The /bin directory contains the essential user binaries (programs) that must be present when the system is mounted in single-user mode. Applications such as Firefox are stored in /usr/bin, while important system programs and utilities such as the bash shell are located in /bin. The /usr directory may be stored on another partition – placing these files in the /bin directory ensures the system will have these important utilities even if no other file systems are mounted. The /sbin directory is similar – it contains essential system administration binaries.

image

/boot – Static Boot Files

The /boot directory contains the files needed to boot the system – for example, the GRUB boot loader’s files and your Linux kernels are stored here. The boot loader’s configuration files aren’t located here, though – they’re in /etc with the other configuration files.

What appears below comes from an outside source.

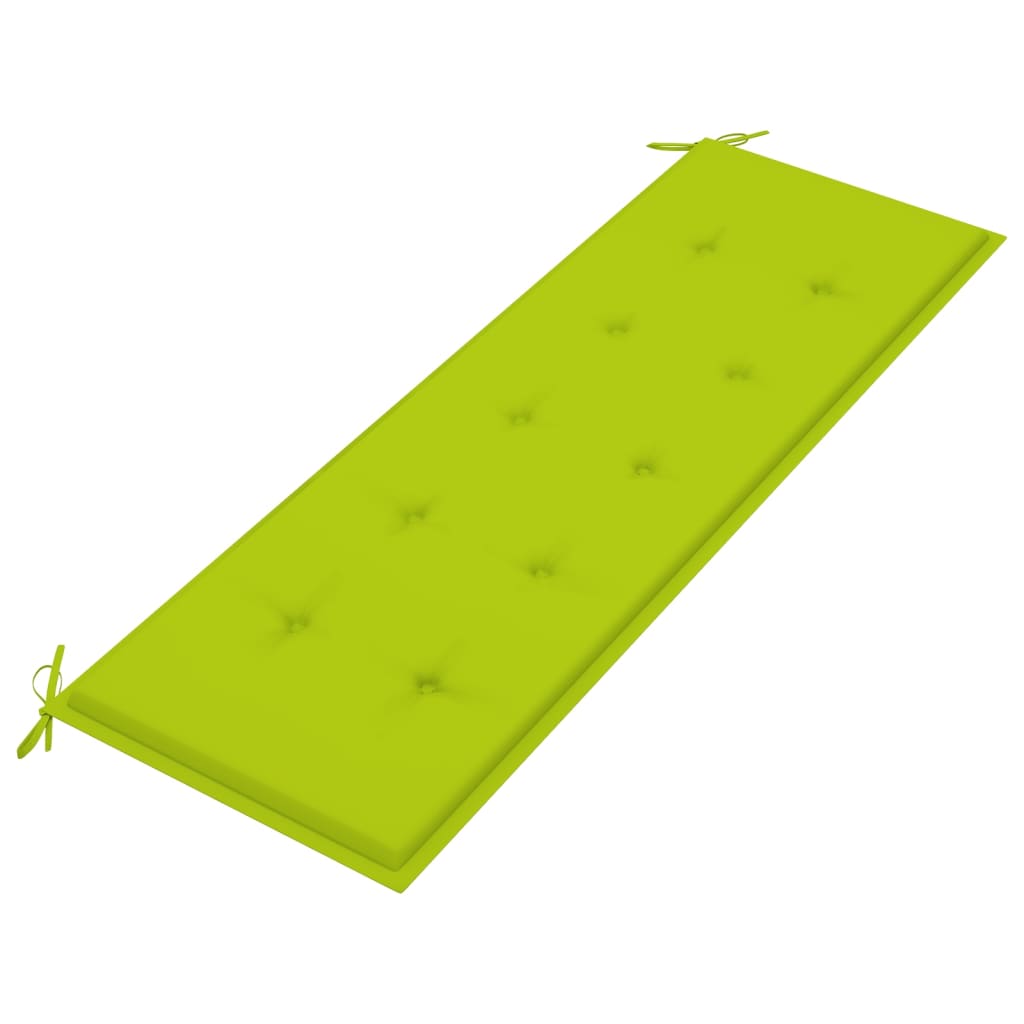 Bankje Batavia met heldergroen kussen 150 cm massief teakhout is nu te koop bij PeponiXL, paradijselijk wonen!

/cdrom – Historical Mount Point for CD-ROMs

The /cdrom directory isn’t part of the FHS standard, but you’ll still find it on Ubuntu and other operating systems. It’s a temporary location for CD-ROMs inserted in the system. However, the standard location for temporary media is inside the /media directory.

/dev – Device Files

Linux exposes devices as files, and the /dev directory contains a number of special files that represent devices. These are not actual files as we know them, but they appear as files – for example, /dev/sda represents the first SATA drive in the system. If you wanted to partition it, you could start a partition editor and tell it to edit /dev/sda.

This directory also contains pseudo-devices, which are virtual devices that don’t actually correspond to hardware. For example, /dev/random produces random numbers. /dev/null is a special device that produces no output and automatically discards all input – when you pipe the output of a command to /dev/null, you discard it.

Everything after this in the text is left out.